Whether you are a bank, hospital, insurance company, supermarket, entertainment network, or offering any other online services, this isn’t the time to fail your users. They need you! In these days of unpredictability, confusion and even turmoil, we encourage you to be proactive and take control over the things you can – such as the resilience of your IT environment.
Online activities are increasing dramatically. Due to the coronavirus, tens of millions of people are staying home. They’re logging into work, they’re videoconferencing, streaming movies, ordering groceries, shopping, having live math lessons, playing games and more, all from home, and at all hours.
This great jump in online traffic has led to many service interruptions and outages for users worldwide. In Europe people working from home and using Microsoft Teams to communicate saw the service go down. Though it was repaired within two hours, it later went down again after heavy traffic coming from the US caused more disruption. In the UK, some O2, Three, Vodafone and EE customers could not make phone calls. In the US, internet service has been unreliable for many users working from home, Netflix streaming services were down, leaving people at home unable to watch TV shows or films, and globally, gamers using Xbox Live saw outages.
Why can’t sites provide 24/7 service? One major problem at present is that the high demand worldwide was not anticipated. For example, both Netflix and YouTube are lowering the resolution of their streaming quality to SD in Europe in order to “prevent the internet collapsing under the strain of unprecedented usage due to the coronavirus pandemic.” Amazon, as well, is beginning to “reduce streaming bitrates on its Prime Video service.” At this point, enterprises should examine whether their business applications can support the kind of load we’re seeing today since the majority of environments aren’t architected and configured to accommodate the current level of demand.
A significant but avoidable cause of service disruptions and outages is misconfigurations.
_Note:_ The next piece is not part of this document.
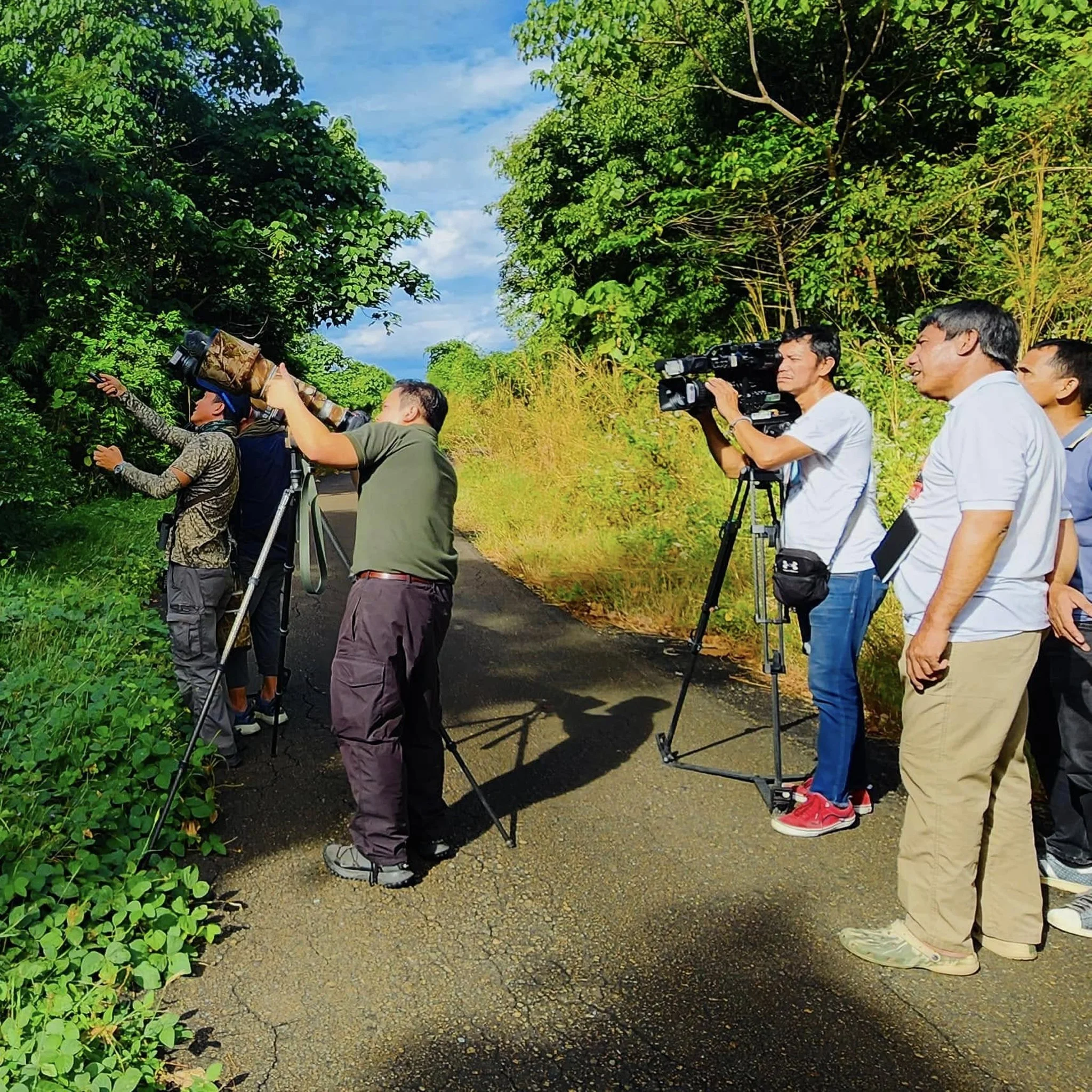 Birds of Subic Bay ABS-CBN 5.jpg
Under normal circumstances, misconfigurations result from the constant changes being made to IT environments coupled with the sub-optimal communication between the multiple parties responsible for implementing these changes and maintaining the environment (who did what, when, and why).
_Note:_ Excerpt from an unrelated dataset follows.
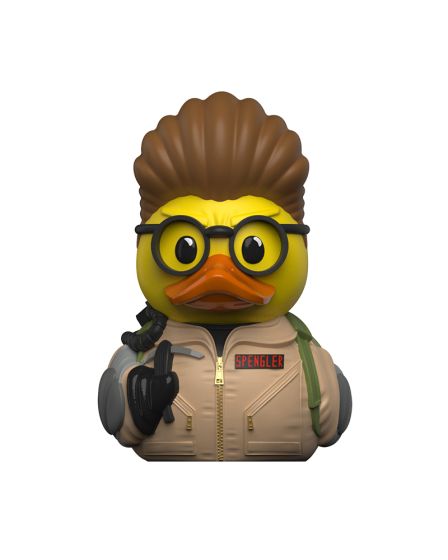 Ghostbusters - Egon Spengler - Mini Tubbz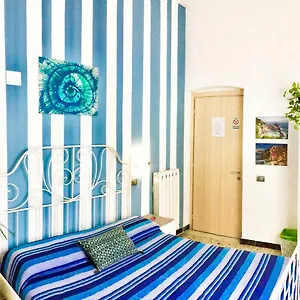 Guest house Levante Blu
But now, the unpredicted load creates unpredictable misconfigurations and
forces your systems to work under tough/extreme and never tested before conditions. Here are three examples of such conditions that may be causing disruptions or outages in your environment.
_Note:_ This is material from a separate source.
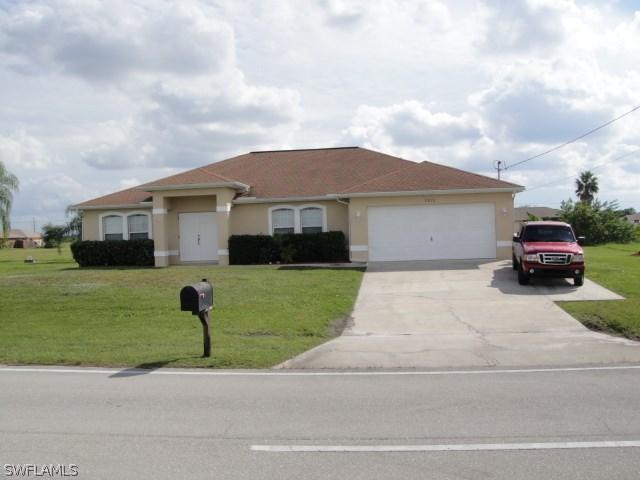 2512 Tropicana Pkwy., Cape Coral, FL 33993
- In AWS or Azure, in extreme load conditions, you can scale up in another region. However, if your resource limits are not defined correctly there might be insufficient resources in the region to which you shift the workloads, potentially causing an outage.
- The cloud providers themselves (AWS or Azure or others) may have an Availability Zone (AZ) failure from time to time. As a result, your workloads must move to another Availability Zone or Region. This transition has a significant impact on your apps and may lead to severe downtime unless configured properly.
- Say you use an internet facing load balancer to optimize availability. When you need to scale up, additional instances will be added accordingly in all subnets configured. If by mistake some of the subnets are private, incoming traffic for these subnets is dropped. This can lead to a severe performance issue or an outage.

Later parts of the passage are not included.